What to do:
Extract every line below, verbatim.

Collected material:
+===+

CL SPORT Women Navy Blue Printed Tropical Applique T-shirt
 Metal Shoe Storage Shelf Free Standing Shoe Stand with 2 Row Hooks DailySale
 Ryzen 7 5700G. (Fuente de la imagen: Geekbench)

+===+

Written response:
CL SPORT Women Navy Blue Printed Tropical Applique T-shirt
 Metal Shoe Storage Shelf Free Standing Shoe Stand with 2 Row Hooks DailySale
 Ryzen 7 5700G. (Fuente de la imagen: Geekbench)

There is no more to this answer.